These are injections into the small sliding (facet) joints of the spine. The injections aim to provide relief from your symptoms and will help to confirm that your symptoms arise from the facet joints.
You will lie on the CT table on your front. Your skin will be cleaned with antiseptic where the needle and a local anaesthetic will be given. The radiologist inserts a very fine needle into the joint that your doctor has asked us to inject, using an aseptic technique (strict infection control techniques to minimise any risks of infections). You may be moved in and out of the CT machine as the needle is guided safely into the correct position. A small amount of x-ray contrast may be injected to confirm the needle position.
A long-lasting anaesthetic (e.g. Ropivacaine) and a long-acting steroid (e.g. Celestone) are usually injected together.
Before your Scan
Before the CT guided injection, you may be asked to change into an examination gown for your comfort, and to ensure clothing does not affect the images. You may also be asked to remove jewellery, eye-glasses and any metal objects that might interfere with the images.
You may eat and drink as normal before and after the procedure. If you are on any medication or have diabetes and are on insulin, take your usual medicines and diet.
Please inform us if you are on medication to thin your blood (e.g. Warfarin, Aspirin or Clopidogrel), have an iodine allergy, or are pregnant or breastfeeding.
It is important that you have someone to drive you home after the procedure.
Occasionally your doctor may request this procedure to be performed with sedation, in which case you will be required to fast, and a short stay hospital admission will be necessary. If this is the case, our staff will discuss this with you at the time of booking.
Risks / Side effects
Facet joint injections are generally very safe.
Side effects which may occur include:
- Increase in symptoms for up to 48 hours which will then settle.
- Increased blood sugar levels in diabetics.
- Local bruising.
- Insomnia, flushing and palpitations.
Infection is an uncommon, but serious side effect.
If x-ray contrast is administered there is a small risk of allergic reaction.

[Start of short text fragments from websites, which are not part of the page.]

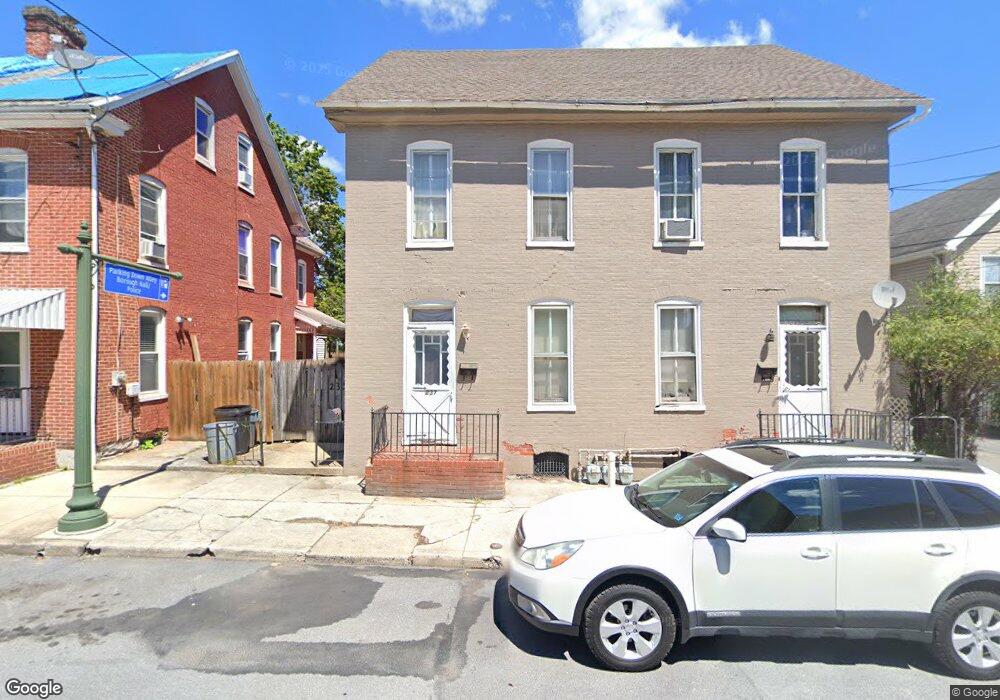 237 E Washington St, Chambersburg, PA 17201 - photo 1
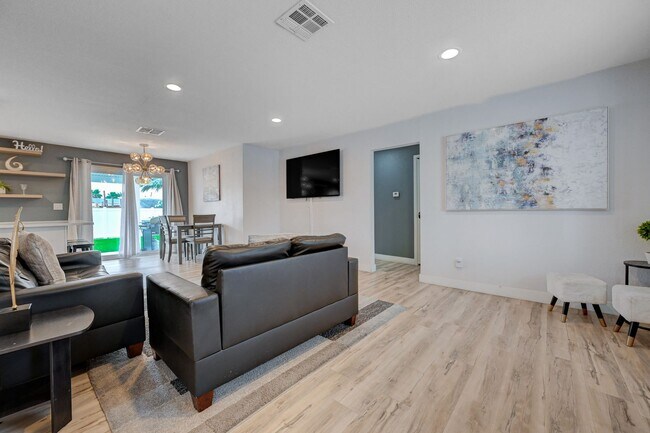 Building Photo - Fully Furnished or Unfurnished 3 BR / NO HOA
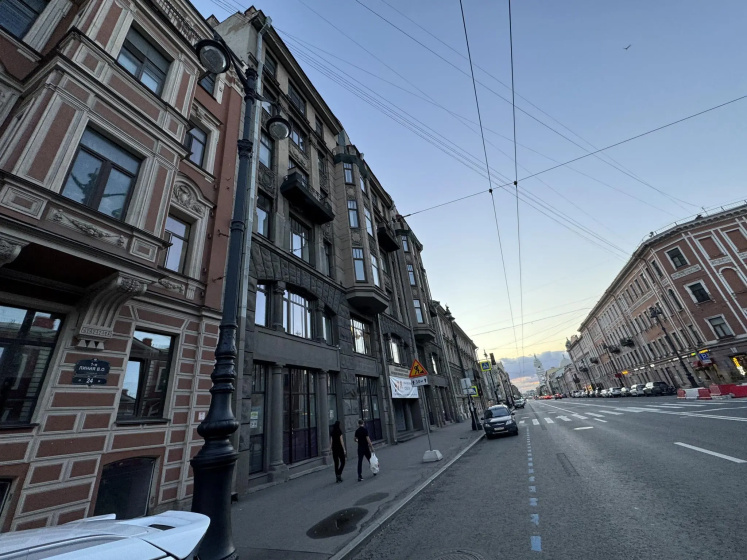 Цены на Апартаменты на 1-ой линии Васильевского острова в Санкт-Петербурге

This includes flushing, hives and difficulty breathing. Severe reactions are rare and life-threatening reaction extremely rare (1 in 170,000).
For more information, please refer to the IV Contrast page.
You may experience some benefit from the local anaesthetic immediately following the injection, which will usually wear off after 2-3 hours. It can take several days for the steroid to begin to work and may take up to 2 weeks for it to have maximum effect.
The effect of the steroid can last for a week, several months, or years. Sometimes there is no pain relief from the injection. This suggests that the symptoms are not coming from the facet joint that was injected.
Avoid strenuous activity for at least 48 hours after the injection.
If required after the procedure, a simple analgesic such as paracetamol (Panadol) or anti-inflammatory should be sufficient. An ice-pack may also provide some relief.
It is important to note that infection is a potential and serious side effect. If you notice any fever or redness, swelling, or increased pain at the injection site after the first 2 days, notify your referring doctor or immediately call the clinic where the injection was performed.